The Broker Is Not Dead — Just Overdue for a Tech Stack

Everyone in insurtech bet against the broker. The ones who digitised their workflows are quietly winning.

I've been hearing 'the broker is finished' at insurance conferences for the better part of a decade. The pitch was always the same: digital-first carriers would go direct, insurtechs would own the customer relationship, and the intermediary model would quietly die.

That prediction has not aged well. In India, where the NAIC / state DOI has been actively expanding the broker licensing framework, the registered broker count has grown consistently. In the UAE and Saudi Arabia, brokers remain the dominant commercial lines distribution channel— and the brokers growing fastest are not the old-school ones. They are the ones who took technology seriously.

The broker isn't losing ground to technology. The broker who hasn't adopted technology is losing ground to the broker who has.

What the data actually shows

Carriers that have tried to bypass brokers in commercial lines have largely found that the economics do not work. Commercial risk is complex, relationship-dependent, and requires advice that a digital journey does not easily replicate. In the GCC, where commercial lines represent a large share of the insurance market, broker penetration has remained high despite years of predictions to the contrary.

What has changed is the quality of the broker experience. Brokers who have invested in digital submission workflows, real-time portfolio tracking, and client-facing analytics tools are winning mandates at the expense of those who haven't. The technology is not replacing the broker — it is separating the good ones from the rest.

The carrier mistake

Most carriers that tried to go direct did not actually succeed at going direct. They built a consumer portal, generated some direct business, and discovered that the unit economics of direct insurance customer acquisition are brutal in markets where awareness is low and trust in digital purchases is still developing.

The carriers that have performed best in India and MENA over the past five years did not try to go around brokers. They made their brokers more effective. Better product information. Faster quoting APIs. Loss analytics that brokers could share with clients to demonstrate value beyond price. They made placing business with them a competitive advantage for the broker, not just a commission transaction.
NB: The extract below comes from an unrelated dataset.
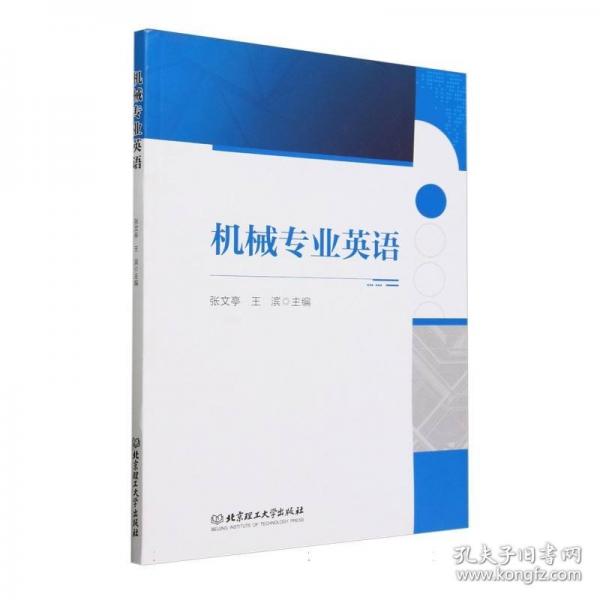 機械專業(yè)英語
The war against the broker was led by people who had never tried to replace the trust a good broker builds with a commercial client over ten years of claims.

What the good brokers are building now

The next phase of broker technology is not internal workflow tools — it is client analytics. Brokers who can show a commercial client benchmarked loss data against their sector peers, risk improvement recommendations backed by actual claims experience, and forward-looking renewal intelligence are operating as risk advisors rather than placement intermediaries.

In markets like Singapore and Australia, where sophisticated commercial buyers expect their broker to bring insight rather than just coverage options, this shift is already happening. In India and the Gulf, it is early but accelerating. The brokers investing in data and analytics capability now are building a client value proposition that no carrier portal can replicate.

The broker is not dying. It is bifurcating. The ones treating technology as optional are slowly losing clients to the ones who don't.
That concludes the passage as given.